__Information supplied__
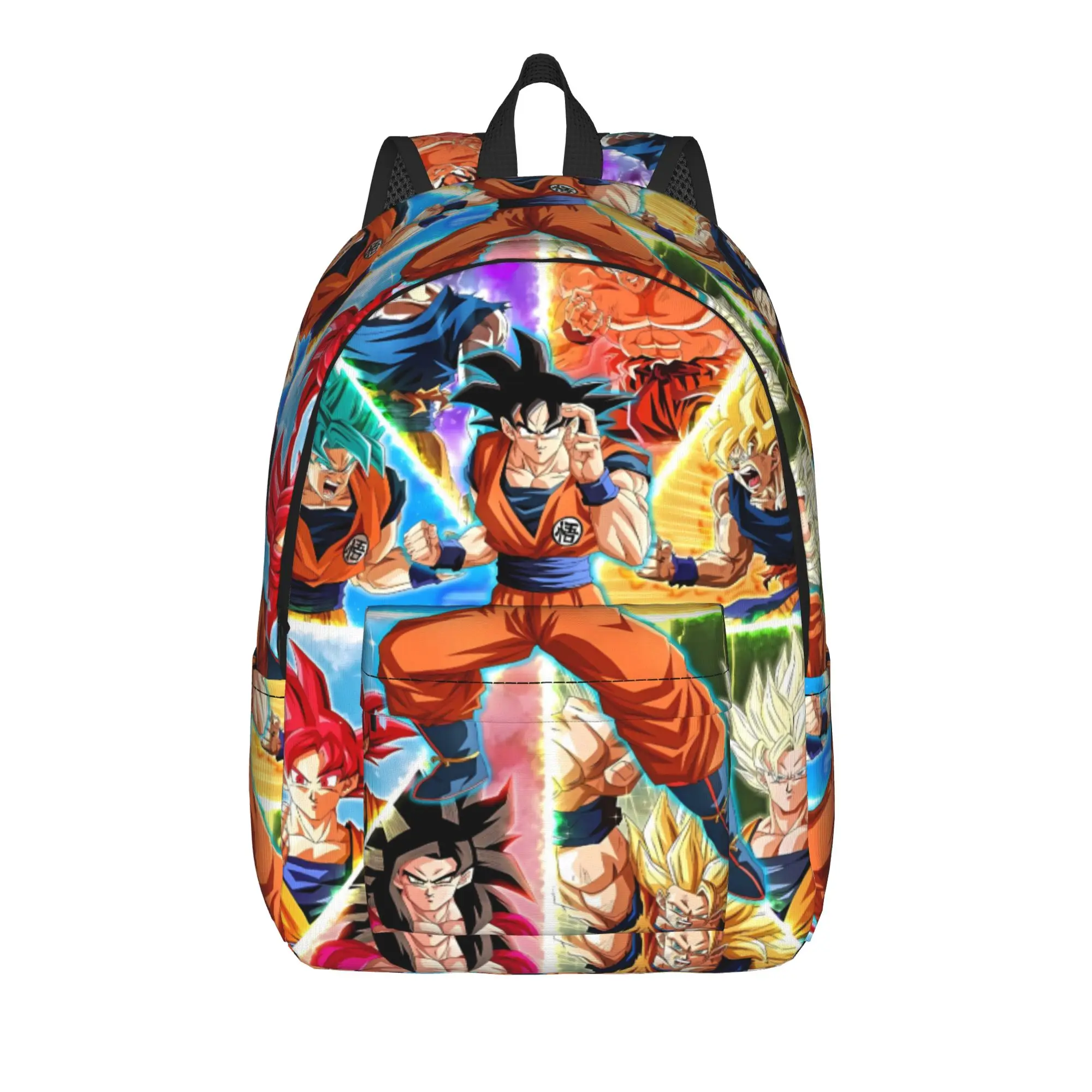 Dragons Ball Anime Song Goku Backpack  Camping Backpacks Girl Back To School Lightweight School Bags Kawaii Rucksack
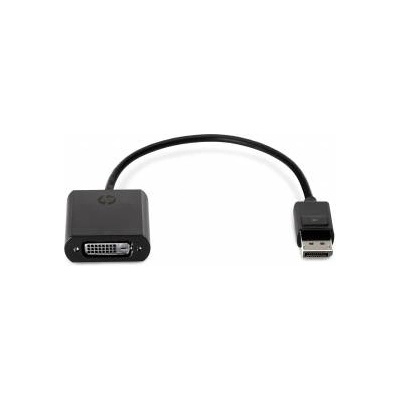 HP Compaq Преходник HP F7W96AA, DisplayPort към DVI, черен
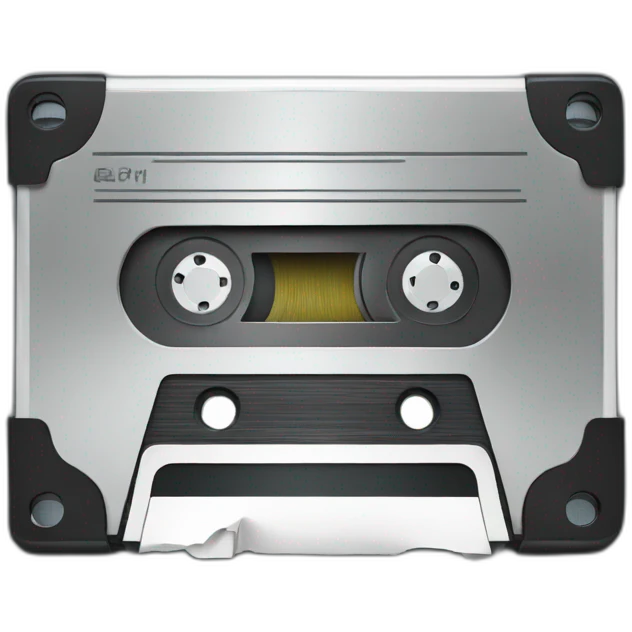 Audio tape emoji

__What is expected__
Your reply should consist solely of the lines from the one containing "HP Compaq Преходник" through the last line of the material, reproduced exactly and without pictures.

__Output for this task__
 HP Compaq Преходник HP F7W96AA, DisplayPort към DVI, черен
 Audio tape emoji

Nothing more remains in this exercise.